Many people know of Martin Luther King, Jr., as a champion of nonviolence. This was not new to African American churches.
William D. Watley said King’s theological and ethical perspective, including the belief in nonviolence, “was founded on the bedrock of black religion and then shaped by his formal theological education.”
King’s first speech of the Montgomery bus boycott illustrates that the principle he espoused was not rooted in a secular or non-Christian philosophy. He did not use the word “nonviolence” in the speech, but he eschewed violence from of distinctly Christian perspective. King said:
And I want to say that we are not here advocating violence. I want it to be known throughout Montgomery and throughout this nation that we are Christian people. We believe in the Christian religion. We believe in the teachings of Jesus.
King biographer David J. Garrow said: “There are no references to nonviolence, to Gandhi or Thoreau, or to any abstract intellectual traditions,” in the first boycott speech. “Instead, King’s stress is upon the Christian — the Christian Mrs. Parks, the Christian people of Montgomery, the Christian religion and faith.”

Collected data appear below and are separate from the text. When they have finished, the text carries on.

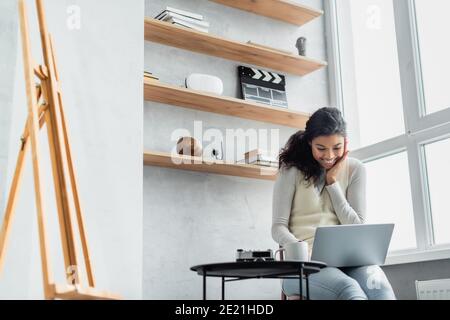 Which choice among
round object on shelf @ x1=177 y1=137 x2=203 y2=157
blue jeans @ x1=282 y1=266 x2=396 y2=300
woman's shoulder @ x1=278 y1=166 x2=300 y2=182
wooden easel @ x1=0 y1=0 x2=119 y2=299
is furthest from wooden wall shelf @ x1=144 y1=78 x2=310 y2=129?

King eventually set forth six “basic aspects” of the philosophy of nonviolence in his book, Stride Toward Freedom, about the boycott.
1) Nonviolent resistance is “not a method for cowards; it does resist.”
2) It “does not seek to defeat or humiliate the opponent, but to win his friendship and understanding.”
3) The “attack is directed against forces of evil rather than against persons who happen to be doing the evil.”
4) Nonviolent resistance includes a “willingness to accept suffering without retaliation, to accept blows from the opponent without striking back.”
5) It “avoids not only external physical violence but also internal violence of spirit. The nonviolent resister not only refuses to shoot his opponent but he also refuses to hate him.”
6) It is “based on the conviction that the universe is on the side of justice. Consequently, the believer in nonviolence has deep faith in the future.”
King honed his ethic of nonviolence through the various crises of the civil rights movement — Montgomery, Albany, Birmingham, and Selma. The nonviolent nature of King’s efforts also helped gain support for the movement among whites. Peter J. Paris wrote:
While the Martin Luther King, Jr., movement sought white financial support throughout its history, his was the first mass movement among blacks that succeeded in getting large numbers of whites (especially church people) existentially involved as participants for racial justice in the activities of direct nonviolent resistance.